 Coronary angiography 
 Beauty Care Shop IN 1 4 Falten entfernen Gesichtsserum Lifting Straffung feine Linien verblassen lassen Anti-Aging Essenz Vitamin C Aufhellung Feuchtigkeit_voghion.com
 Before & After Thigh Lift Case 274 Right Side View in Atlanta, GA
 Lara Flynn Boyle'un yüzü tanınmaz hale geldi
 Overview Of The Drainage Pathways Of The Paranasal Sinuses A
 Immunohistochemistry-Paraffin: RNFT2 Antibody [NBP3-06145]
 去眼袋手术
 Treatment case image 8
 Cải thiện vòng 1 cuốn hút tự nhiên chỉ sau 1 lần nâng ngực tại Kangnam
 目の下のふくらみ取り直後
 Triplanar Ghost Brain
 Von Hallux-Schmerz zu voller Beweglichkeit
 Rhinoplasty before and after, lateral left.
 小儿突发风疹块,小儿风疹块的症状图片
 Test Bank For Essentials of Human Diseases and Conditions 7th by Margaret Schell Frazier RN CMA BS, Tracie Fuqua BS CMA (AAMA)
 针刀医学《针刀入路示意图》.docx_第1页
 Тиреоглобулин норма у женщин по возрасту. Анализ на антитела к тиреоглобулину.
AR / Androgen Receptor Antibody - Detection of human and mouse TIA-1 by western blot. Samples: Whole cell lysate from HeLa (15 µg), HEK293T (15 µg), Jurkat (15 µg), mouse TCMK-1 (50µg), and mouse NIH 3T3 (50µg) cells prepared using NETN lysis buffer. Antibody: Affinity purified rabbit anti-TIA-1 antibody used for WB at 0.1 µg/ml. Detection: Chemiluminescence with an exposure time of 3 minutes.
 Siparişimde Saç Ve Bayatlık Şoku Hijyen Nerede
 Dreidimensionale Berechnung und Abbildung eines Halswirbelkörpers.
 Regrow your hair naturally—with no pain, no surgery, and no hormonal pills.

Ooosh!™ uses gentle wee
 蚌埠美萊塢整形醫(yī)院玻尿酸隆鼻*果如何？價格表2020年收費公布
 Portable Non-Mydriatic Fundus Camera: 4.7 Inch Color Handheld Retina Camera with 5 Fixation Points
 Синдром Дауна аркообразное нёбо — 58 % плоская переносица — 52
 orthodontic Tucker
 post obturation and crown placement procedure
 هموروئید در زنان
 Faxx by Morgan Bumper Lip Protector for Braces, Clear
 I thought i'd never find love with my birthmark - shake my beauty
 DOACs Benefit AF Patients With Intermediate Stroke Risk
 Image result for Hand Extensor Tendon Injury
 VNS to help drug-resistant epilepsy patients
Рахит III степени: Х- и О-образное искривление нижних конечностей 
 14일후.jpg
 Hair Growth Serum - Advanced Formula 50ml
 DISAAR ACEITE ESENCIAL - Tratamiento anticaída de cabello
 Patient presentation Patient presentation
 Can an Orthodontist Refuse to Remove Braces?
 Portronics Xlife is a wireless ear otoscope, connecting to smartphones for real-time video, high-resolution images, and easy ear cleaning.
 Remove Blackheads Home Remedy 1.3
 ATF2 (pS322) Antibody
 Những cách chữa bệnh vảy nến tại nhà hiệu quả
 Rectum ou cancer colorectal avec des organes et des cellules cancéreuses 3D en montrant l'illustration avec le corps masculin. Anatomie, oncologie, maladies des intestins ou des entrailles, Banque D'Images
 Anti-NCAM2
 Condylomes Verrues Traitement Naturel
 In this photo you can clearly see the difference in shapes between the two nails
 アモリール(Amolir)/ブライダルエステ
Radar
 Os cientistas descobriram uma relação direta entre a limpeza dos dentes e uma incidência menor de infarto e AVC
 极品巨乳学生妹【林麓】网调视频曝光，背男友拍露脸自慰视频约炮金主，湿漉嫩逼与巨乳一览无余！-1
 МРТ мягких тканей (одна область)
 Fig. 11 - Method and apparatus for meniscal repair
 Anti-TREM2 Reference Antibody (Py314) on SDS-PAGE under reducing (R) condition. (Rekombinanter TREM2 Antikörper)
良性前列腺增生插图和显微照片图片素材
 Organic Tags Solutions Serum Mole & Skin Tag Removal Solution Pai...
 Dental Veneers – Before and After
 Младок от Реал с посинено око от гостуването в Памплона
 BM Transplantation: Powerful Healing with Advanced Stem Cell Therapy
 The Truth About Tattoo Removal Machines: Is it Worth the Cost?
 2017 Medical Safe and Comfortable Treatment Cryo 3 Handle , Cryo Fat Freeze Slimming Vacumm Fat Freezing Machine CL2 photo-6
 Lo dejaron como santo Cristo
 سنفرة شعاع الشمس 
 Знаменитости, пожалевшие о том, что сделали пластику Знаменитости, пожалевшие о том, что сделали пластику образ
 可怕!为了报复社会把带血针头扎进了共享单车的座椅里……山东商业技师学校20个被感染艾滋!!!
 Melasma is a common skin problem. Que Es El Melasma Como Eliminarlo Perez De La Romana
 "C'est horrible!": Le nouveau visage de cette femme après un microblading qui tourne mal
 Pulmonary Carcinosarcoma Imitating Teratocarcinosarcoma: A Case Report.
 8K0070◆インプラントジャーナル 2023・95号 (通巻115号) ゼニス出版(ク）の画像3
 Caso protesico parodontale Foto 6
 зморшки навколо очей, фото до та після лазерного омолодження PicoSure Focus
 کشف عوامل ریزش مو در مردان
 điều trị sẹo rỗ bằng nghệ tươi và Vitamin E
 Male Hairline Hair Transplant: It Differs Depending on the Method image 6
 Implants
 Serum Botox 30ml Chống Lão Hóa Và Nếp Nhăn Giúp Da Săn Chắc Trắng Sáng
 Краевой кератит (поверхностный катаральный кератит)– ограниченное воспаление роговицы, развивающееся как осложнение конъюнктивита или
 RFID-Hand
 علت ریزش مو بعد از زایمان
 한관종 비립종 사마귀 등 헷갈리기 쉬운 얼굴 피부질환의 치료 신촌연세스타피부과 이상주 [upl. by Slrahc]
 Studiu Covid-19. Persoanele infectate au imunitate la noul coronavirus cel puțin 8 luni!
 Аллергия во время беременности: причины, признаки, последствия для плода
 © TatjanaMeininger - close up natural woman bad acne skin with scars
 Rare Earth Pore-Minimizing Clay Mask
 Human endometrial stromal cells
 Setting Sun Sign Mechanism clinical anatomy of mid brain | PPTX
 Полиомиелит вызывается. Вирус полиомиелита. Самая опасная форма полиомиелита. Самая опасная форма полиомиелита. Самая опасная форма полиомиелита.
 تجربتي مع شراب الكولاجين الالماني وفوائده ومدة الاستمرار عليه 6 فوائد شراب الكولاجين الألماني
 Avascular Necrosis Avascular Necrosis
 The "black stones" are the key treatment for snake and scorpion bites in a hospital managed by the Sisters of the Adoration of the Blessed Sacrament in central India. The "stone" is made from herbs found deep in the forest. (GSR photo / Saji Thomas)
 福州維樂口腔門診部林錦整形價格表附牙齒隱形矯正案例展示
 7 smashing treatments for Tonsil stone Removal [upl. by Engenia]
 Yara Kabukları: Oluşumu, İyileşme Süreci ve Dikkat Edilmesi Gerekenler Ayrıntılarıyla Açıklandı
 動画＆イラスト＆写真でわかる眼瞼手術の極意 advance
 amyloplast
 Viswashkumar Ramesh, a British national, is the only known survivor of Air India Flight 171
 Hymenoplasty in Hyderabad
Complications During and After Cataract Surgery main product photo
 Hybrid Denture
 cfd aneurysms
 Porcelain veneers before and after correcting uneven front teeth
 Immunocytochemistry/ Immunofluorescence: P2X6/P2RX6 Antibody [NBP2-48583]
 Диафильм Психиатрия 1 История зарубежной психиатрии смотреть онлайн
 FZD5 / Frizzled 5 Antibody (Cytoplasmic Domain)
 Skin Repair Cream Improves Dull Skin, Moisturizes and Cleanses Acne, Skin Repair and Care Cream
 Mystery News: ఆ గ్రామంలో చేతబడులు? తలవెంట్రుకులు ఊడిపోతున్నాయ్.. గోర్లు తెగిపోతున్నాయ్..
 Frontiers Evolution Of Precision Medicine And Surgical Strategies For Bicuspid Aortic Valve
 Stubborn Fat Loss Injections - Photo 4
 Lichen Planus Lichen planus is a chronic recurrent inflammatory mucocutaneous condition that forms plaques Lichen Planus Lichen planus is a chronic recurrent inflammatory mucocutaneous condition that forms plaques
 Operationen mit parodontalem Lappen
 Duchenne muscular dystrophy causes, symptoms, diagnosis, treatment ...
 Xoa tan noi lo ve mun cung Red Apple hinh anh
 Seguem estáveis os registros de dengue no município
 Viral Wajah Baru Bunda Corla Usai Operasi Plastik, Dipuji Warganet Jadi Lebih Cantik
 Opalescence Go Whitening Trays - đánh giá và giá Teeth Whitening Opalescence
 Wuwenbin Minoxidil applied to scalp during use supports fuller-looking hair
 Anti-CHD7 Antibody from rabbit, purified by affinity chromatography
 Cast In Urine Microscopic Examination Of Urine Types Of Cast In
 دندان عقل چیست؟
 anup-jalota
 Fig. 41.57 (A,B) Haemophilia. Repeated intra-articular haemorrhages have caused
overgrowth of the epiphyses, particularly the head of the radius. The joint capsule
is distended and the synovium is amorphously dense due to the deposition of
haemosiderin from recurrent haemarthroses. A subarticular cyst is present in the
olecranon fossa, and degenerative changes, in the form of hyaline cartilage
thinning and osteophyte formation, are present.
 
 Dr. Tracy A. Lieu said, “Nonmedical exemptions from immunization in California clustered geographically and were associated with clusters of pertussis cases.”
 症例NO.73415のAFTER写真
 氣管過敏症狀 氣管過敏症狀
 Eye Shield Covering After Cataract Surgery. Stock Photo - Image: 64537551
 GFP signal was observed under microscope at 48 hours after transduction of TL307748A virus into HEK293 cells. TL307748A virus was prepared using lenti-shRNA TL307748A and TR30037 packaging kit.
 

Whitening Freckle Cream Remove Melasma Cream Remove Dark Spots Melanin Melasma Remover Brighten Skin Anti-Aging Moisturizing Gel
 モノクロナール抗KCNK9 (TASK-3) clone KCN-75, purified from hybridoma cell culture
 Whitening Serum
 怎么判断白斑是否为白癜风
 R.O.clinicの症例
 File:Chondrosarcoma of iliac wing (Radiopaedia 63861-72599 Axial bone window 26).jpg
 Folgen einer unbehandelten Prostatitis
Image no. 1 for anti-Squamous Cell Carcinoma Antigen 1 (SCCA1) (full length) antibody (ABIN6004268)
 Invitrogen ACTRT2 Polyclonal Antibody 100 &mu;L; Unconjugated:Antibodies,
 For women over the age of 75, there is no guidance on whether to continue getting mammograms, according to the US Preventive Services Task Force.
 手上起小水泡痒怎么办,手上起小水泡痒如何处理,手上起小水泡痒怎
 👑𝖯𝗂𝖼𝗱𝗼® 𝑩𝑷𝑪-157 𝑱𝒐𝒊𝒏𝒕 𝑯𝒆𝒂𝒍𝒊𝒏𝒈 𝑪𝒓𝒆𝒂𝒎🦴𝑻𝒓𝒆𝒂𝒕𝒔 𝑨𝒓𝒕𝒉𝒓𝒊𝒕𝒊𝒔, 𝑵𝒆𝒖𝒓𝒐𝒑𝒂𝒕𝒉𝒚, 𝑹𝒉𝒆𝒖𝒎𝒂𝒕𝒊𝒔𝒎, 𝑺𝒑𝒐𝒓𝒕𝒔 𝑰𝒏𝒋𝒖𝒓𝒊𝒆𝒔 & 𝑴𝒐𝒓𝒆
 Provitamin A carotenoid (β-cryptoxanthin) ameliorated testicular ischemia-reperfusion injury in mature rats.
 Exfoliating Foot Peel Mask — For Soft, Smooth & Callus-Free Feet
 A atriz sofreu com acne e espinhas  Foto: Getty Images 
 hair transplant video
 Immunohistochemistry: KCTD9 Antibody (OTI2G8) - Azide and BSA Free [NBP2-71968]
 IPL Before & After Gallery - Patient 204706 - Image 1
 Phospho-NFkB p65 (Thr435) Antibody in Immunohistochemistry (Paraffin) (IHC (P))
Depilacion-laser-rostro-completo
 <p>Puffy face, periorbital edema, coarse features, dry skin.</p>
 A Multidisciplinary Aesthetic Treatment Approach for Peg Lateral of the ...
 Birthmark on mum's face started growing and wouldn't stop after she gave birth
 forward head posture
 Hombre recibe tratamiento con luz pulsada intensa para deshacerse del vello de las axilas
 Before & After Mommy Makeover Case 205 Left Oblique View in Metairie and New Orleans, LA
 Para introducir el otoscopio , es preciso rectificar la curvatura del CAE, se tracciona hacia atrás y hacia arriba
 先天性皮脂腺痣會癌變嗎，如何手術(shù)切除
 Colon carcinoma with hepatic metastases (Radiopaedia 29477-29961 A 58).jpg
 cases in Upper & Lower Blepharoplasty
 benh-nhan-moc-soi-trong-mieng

* **Your objective**: Everything above from the line containing "Avascular Necrosis Avascular Necrosis" down to the line containing "Stubborn Fat Loss Injections - Photo 4" should be copied exactly, both end lines included, and nothing else.

* **Result**:
 Avascular Necrosis Avascular Necrosis
 The "black stones" are the key treatment for snake and scorpion bites in a hospital managed by the Sisters of the Adoration of the Blessed Sacrament in central India. The "stone" is made from herbs found deep in the forest. (GSR photo / Saji Thomas)
 福州維樂口腔門診部林錦整形價格表附牙齒隱形矯正案例展示
 7 smashing treatments for Tonsil stone Removal [upl. by Engenia]
 Yara Kabukları: Oluşumu, İyileşme Süreci ve Dikkat Edilmesi Gerekenler Ayrıntılarıyla Açıklandı
 動画＆イラスト＆写真でわかる眼瞼手術の極意 advance
 amyloplast
 Viswashkumar Ramesh, a British national, is the only known survivor of Air India Flight 171
 Hymenoplasty in Hyderabad
Complications During and After Cataract Surgery main product photo
 Hybrid Denture
 cfd aneurysms
 Porcelain veneers before and after correcting uneven front teeth
 Immunocytochemistry/ Immunofluorescence: P2X6/P2RX6 Antibody [NBP2-48583]
 Диафильм Психиатрия 1 История зарубежной психиатрии смотреть онлайн
 FZD5 / Frizzled 5 Antibody (Cytoplasmic Domain)
 Skin Repair Cream Improves Dull Skin, Moisturizes and Cleanses Acne, Skin Repair and Care Cream
 Mystery News: ఆ గ్రామంలో చేతబడులు? తలవెంట్రుకులు ఊడిపోతున్నాయ్.. గోర్లు తెగిపోతున్నాయ్..
 Frontiers Evolution Of Precision Medicine And Surgical Strategies For Bicuspid Aortic Valve
 Stubborn Fat Loss Injections - Photo 4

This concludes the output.